Clinical Advantage

CTT (OATT) – Considerations for units preferring a strict single X-ray method

About 80% of the constipated patients undergoing CTT measurement are women, about 20% men. In general, most patients considered for CTT have already tried some therapies like food changes, bulking agents or osmotic laxatives but with insufficient effect.

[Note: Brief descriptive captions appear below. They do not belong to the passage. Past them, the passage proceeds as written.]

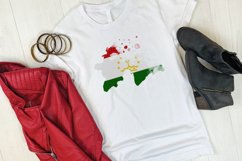 National Sublimation Art- Backgrounds Bundle. Tajikistan Product Image 4
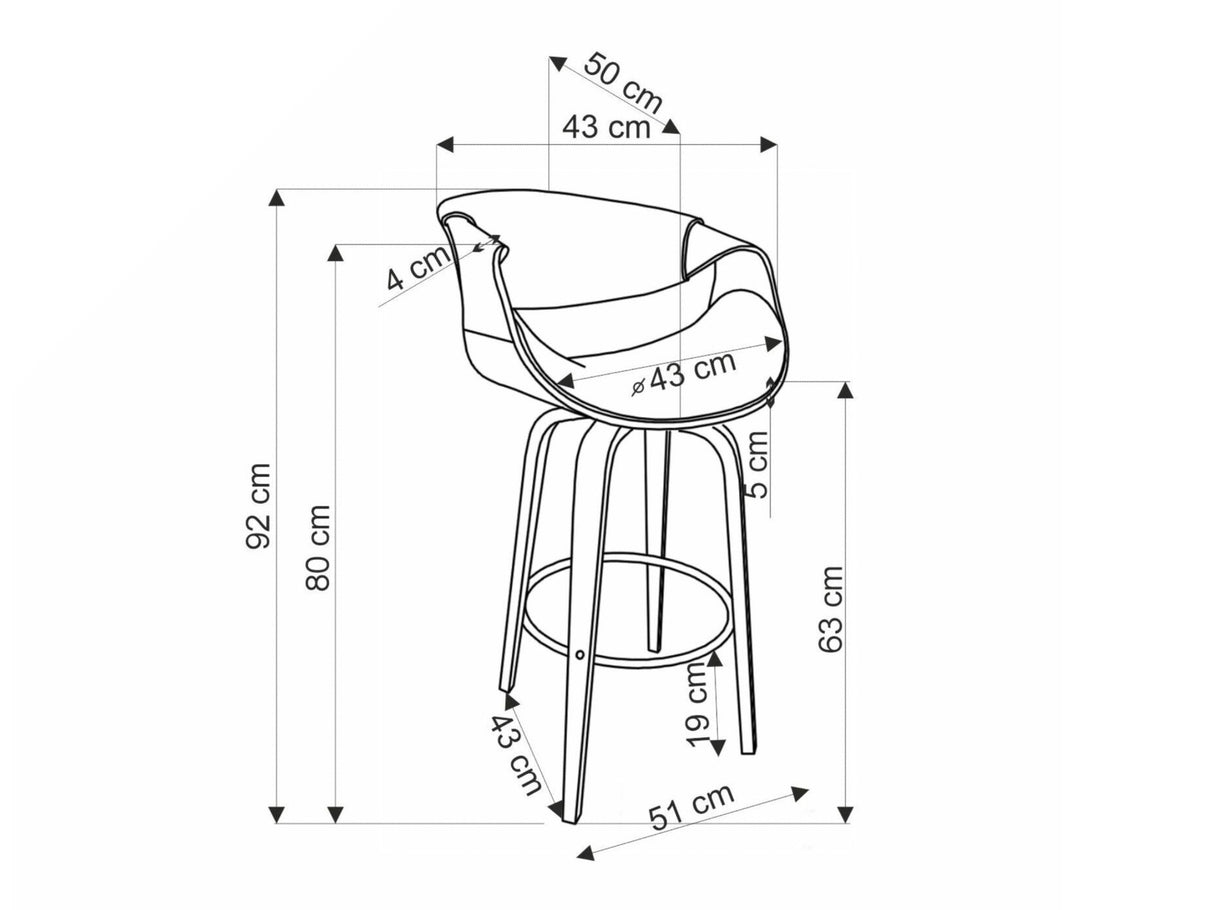 Pusbario kėdė 537380
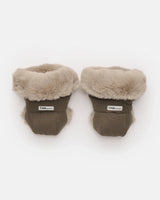 7AM Enfant Warmmuffs - Helsinki Moss Brown Faux Fur - Princess and the Pea Boutique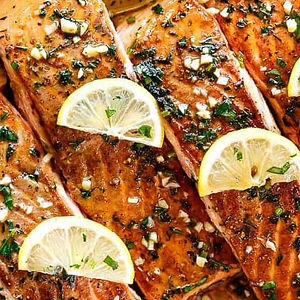Steak & Salmon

Assessment of colonic transit is indicated to see if the patient has a transit abnormality or not. If abnormal, the test should disclose the type of disturbance.

Points to be considered:

  1. Select a single X-ray method that can distinguish between normal and delayed CTT in both men and women. This limit, defined as percentile 95 in healthy subjects, is near 2.5 days (55-60 hours) in men but around 3.9-4.0 days (approx. 95 hours) in women. The Transit-Pellets principle with repeated, regular marker doses is the only single X-ray method to meet this requirement: Numerical CTT values are obtained over the full transit range. In addition, the method yields segmental transit value, thus giving a complete colonic transit profile.
  2. After the CTT measurement, at follow up, discuss the results with the patient and show the transit profile obtained. Discuss the transit profile in relation to the patient’s symptoms.
  3. A normal transit value is seen in most patients with IBS-C and is important to discuss with the patient. Show the normal OATT and the normal transit profile the patient has along the colon, despite his/her feeling of severe constipation. This will help the patient understand that abnormal sensitivity is a cause and help eliminate the patient’s fear of having a dangerous disease. According to the founder of the Gothenburg IBS school (Ringstrom et al., 2010) this is a key point in patient education for IBS-C and helps reducing symptoms. Note that this assessment requires a method that can measure gender specific normal values. For example, a transit time in the order of 3.0 – 3.6 days is a delay in male patients but completely normal in female patients.
  4. In patients having a delayed recto-sigmoid transit time, consider the possibility of an outlet obstruction disorder. For further exploration of such disorders special investigation may be needed such as balloon expulsion test, ano-rectal manometry, etc.
  5. A considerable part of the patients with constipation and slow transit have delay in left colon. If the patient has already tried the usual measures (see above), the transit value and transit profile obtained motivate attempts with recently developed laxatives.
  6. Some patients with notoriously therapy refractory constipation have a delay also in the right colon with a caecum-ascendens transit time in the order of 2-3 days, thus, severe colonic inertia. In this group, usually refractory also to the newer laxatives, unconventional drugs may be tried before surgery is considered.
  7. Colonic surgery, e.g., colectomy with ileo-rectal anastomosis, to treat drug refractory constipation, is a rare operation today, but still performed in very selected cases by some specialized colorectal surgeons. In general, this procedure is only considered in patients with a long transit time also in the right colon (see point 6).